Market Forces

The Nuts and Bolts of California’s First Greenhouse Gas Auction

This article was originally posted at California Dream 2.0.

 

Following today’s California Air Resources Board’s (CARB) board meeting, the next major milestone in California’s efforts to reduce greenhouse gas (GHG) emissions is on November 14th, when California will hold the first auction of carbon allowances for the Global Warming Solutions Act (AB 32) cap-and-trade program. EDF has closely followed the steps CARB has taken to prepare, including participating in their successful “practice auction” this past August.  In order to shed some light on the nuts and bolts of how these auctions will work and the process going forward, we’ve put together an Auction FAQ factsheet to help answer some basic questions.

Why is CARB Auctioning CO2 Allowances?

In terms of allowance distribution, the AB32 program includes a combination of free allocation and auctioned allowances.  While it is the cap that ensures that the targeted quantity of emission reductions are achieved – regardless of the choice of type of allowance distribution – there are important differences between auctioning and free allocation relating to issues such as transaction costs, market power, price certainty, and distribution of allowance value.

Perhaps most importantly, auctioning allowances creates proceeds that can be invested in a variety of ways to further the goals of AB32 – for example, financing emission reduction projects in either capped or uncapped sectors, keeping energy prices down, or preparing for the impacts of global warming.  In addition, twenty-five percent of proceeds are actually required to be used in ways that benefit disadvantaged communities.

Another advantage of auctioning CO2 allowances is that it guarantees that all regulated entities have access to allowances on an equal footing. By holding an auction, California ensures that both large and small companies have access to allowances under the same terms, thus reducing the risk that the market becomes dominated by a few big players.

How the Auction Works

The California auction will be using a single-round, sealed-bid, uniform-price format. Under this format, companies submit confidential bids for a specific amount of allowances at specific prices (also called a bid schedule). The highest bidder is allocated their requested quantity of allowances first, then the second highest bidder, etc., until there are no more allowances.  Winning bidders receive the quantity of allowances they bid for at the uniform settlement price, which is determined as the value of the lowest winning bid – or more simply, the price at which the market clears. Regardless of their original bids, all winning bidders pay the same price. This auction format creates a clear market price, which is crucial for investors.
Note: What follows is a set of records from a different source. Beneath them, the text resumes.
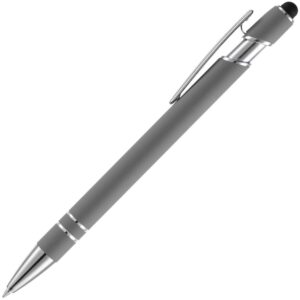 Ручка шариковая Pointer Soft Touch со стилусом, серая — изображение 2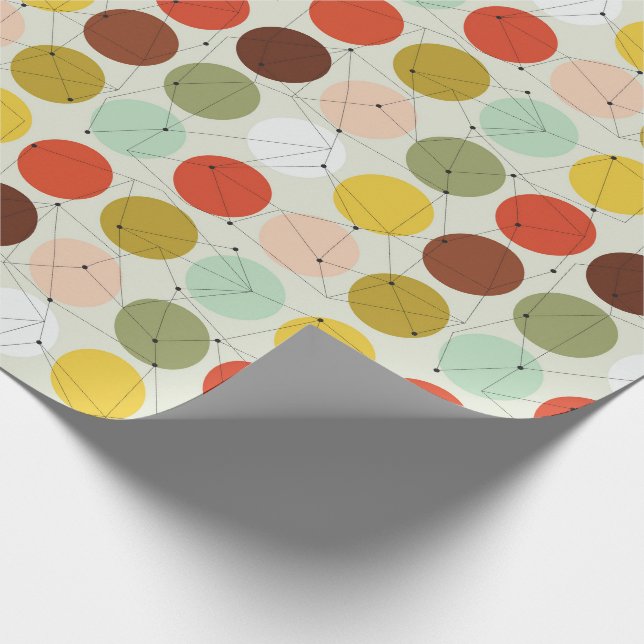 Papel De Regalo Patrón de círculos retro de los años 70 (Esquina)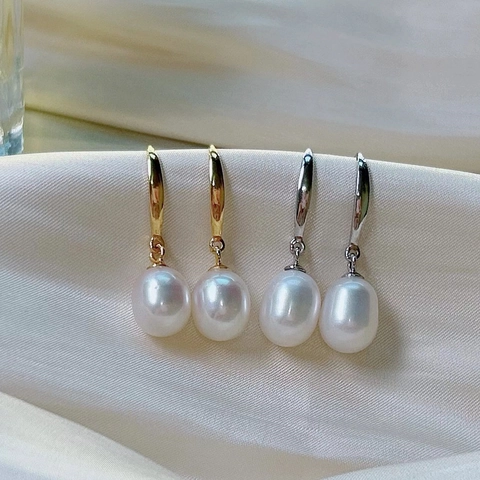 Elegant 925 Sterling Silver Freshwater Pearl Drop Earrings For Women Minimalist White Waterdrop Dangle Jewelry Gift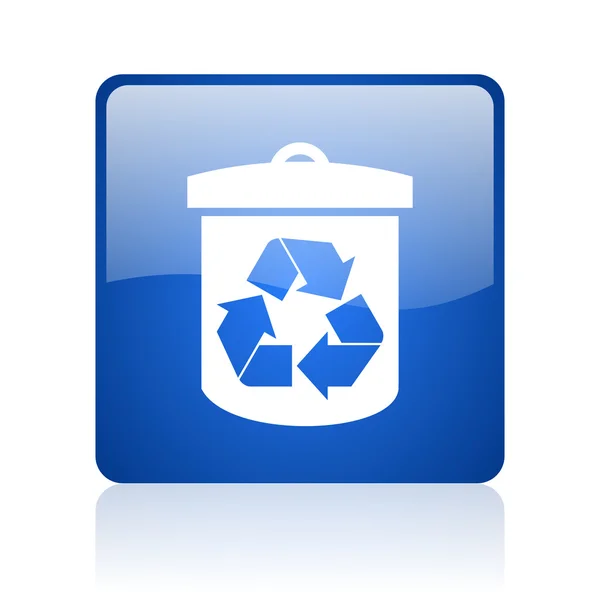 Recyceln blaues quadratisches Hochglanz-Web-Symbol auf weißem Hintergrund — Stockfoto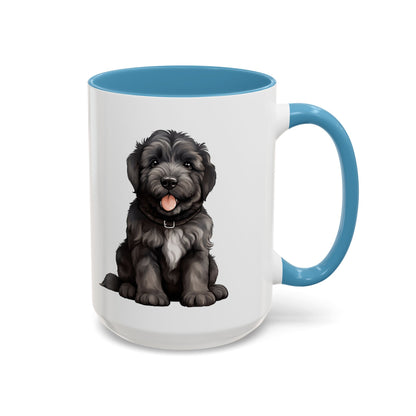 Cute Bouvier Des Flanders Dog Design Accent Coffee Mug - 11oz & 15oz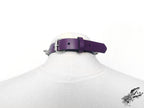 Purple Leather Studded D and O Ring Choker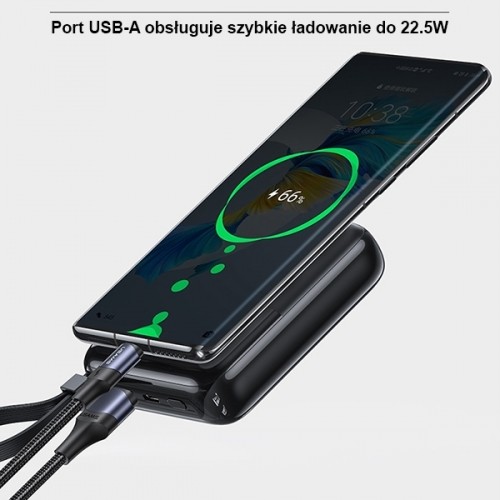 USAMS Powerbank PB69 10000mAh 22.5W QC3.0+PD Fast Charge Digital Display czarny|black 10KCD18601 (US-CD186) image 5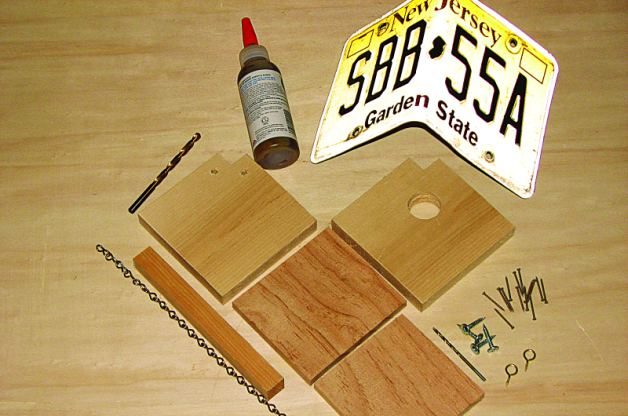 License Plate Birdhouse Materials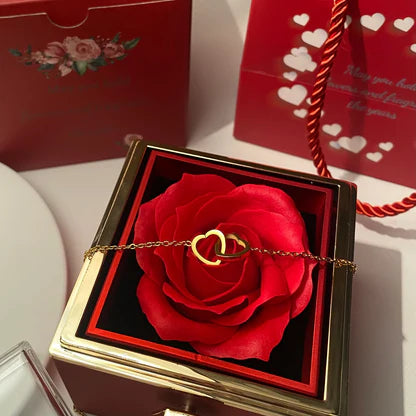 🌹Valentine's Day Limited Edition❤️Rose and Eternal Love Heart Necklace – Exclusive Gift Set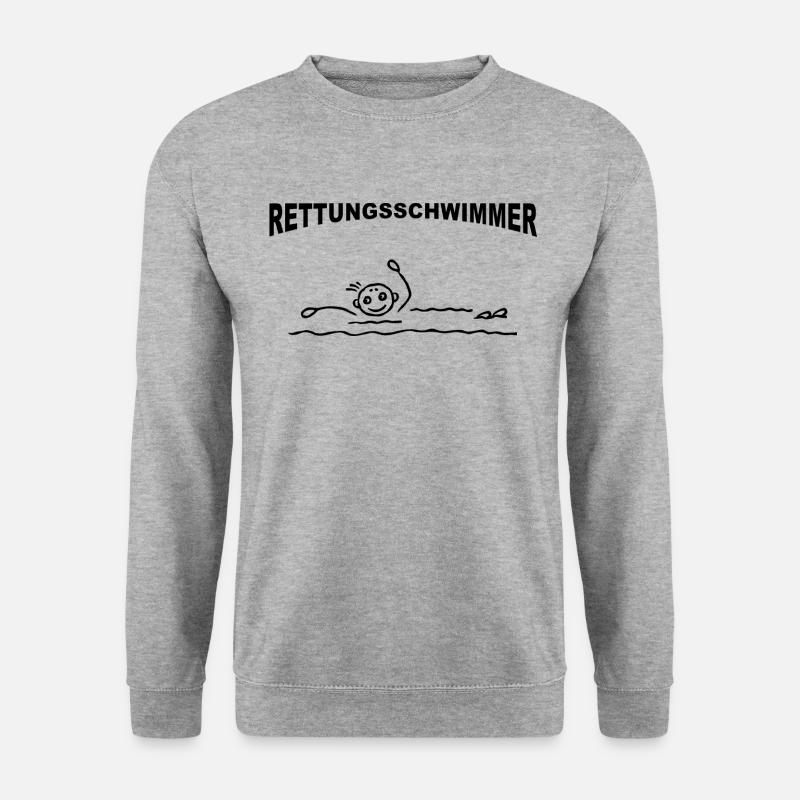 Rettungsschwimmer Schwimmer Kraulen - Unisex Pullover - Weißgrau meliert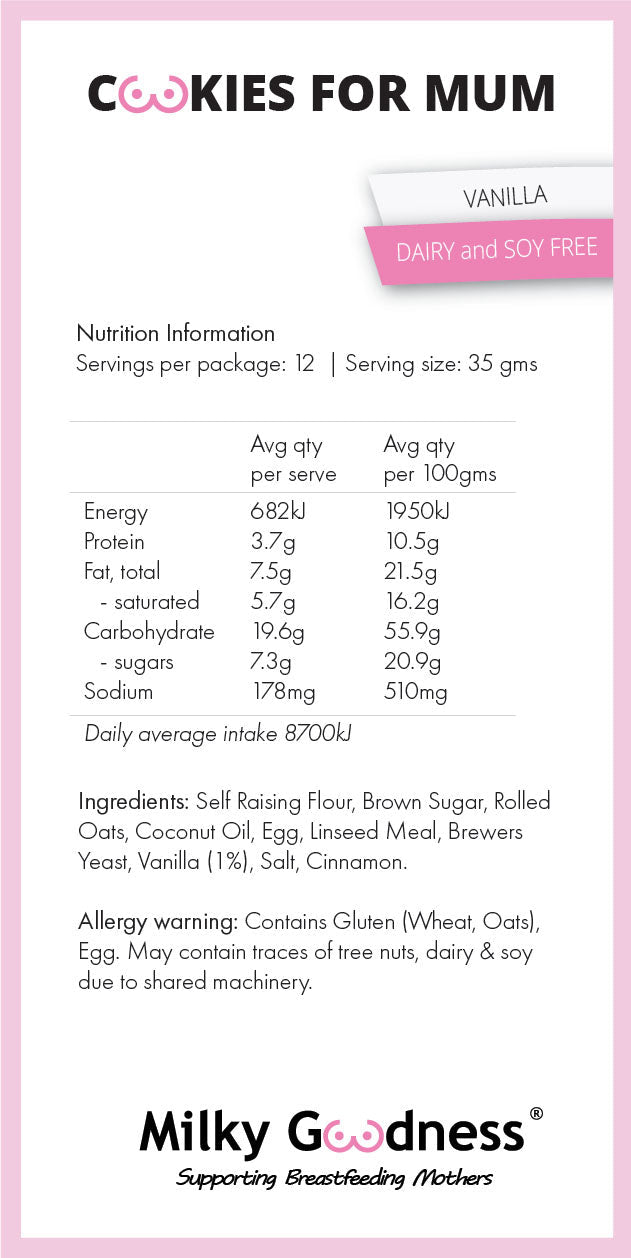 Milky Goodness / Vanilla (Dairy and Soy Free) Cookie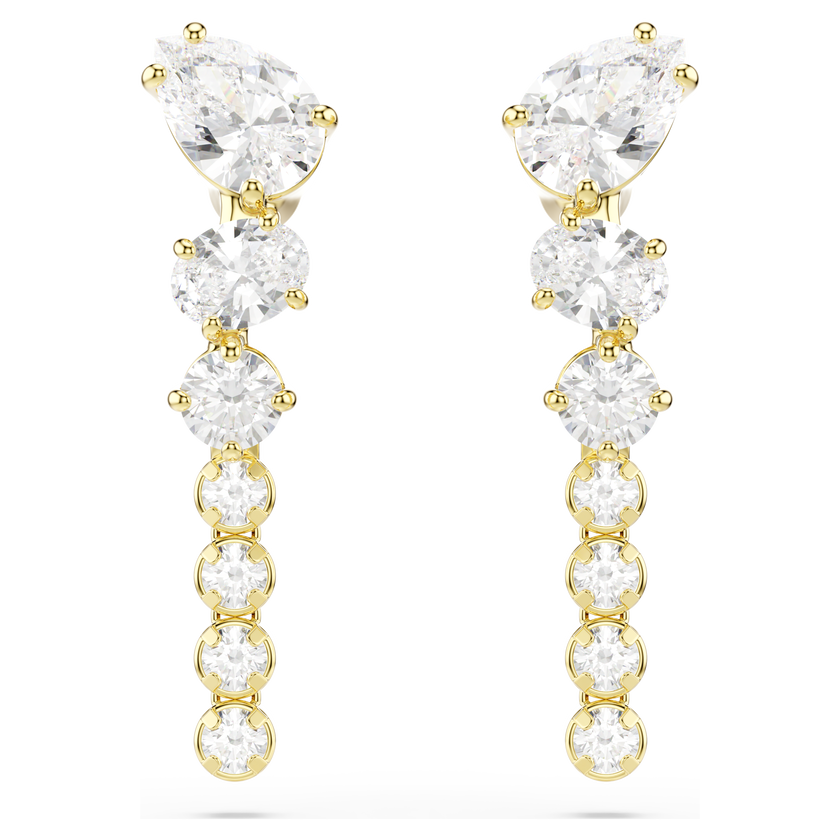 swarovski mesmera drop earrings  mixed cuts  white  18k gold finish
Using Auction Revenue to Further Emissions Reductions

There are abundant opportunities to invest the auction proceeds into sectors that deliver greenhouse gas reductions in California – from clean energy to clean transportation, energy storage and clean tech finance and investment. Not only do these investments further California’s greenhouse gas reduction goals, they can also provide considerable economic benefits, as well as substantial health co-benefits, while helping set California’s path towards sustainable economic growth. To learn more about investing AB32 auction proceeds to grow California’s clean economy, read the EDF Invest to Grow report.

Auctions will play an important role in California’s cap-and-trade program; they encourage a more stable market and create proceeds that can be used to make California’s efforts to cut climate change pollution even more effective. For more details about how the auctions are designed, how the bidding process works and what to expect on November 14th, see EDF’s Auction FAQ factsheet and the California Air Resources Board’s website (here).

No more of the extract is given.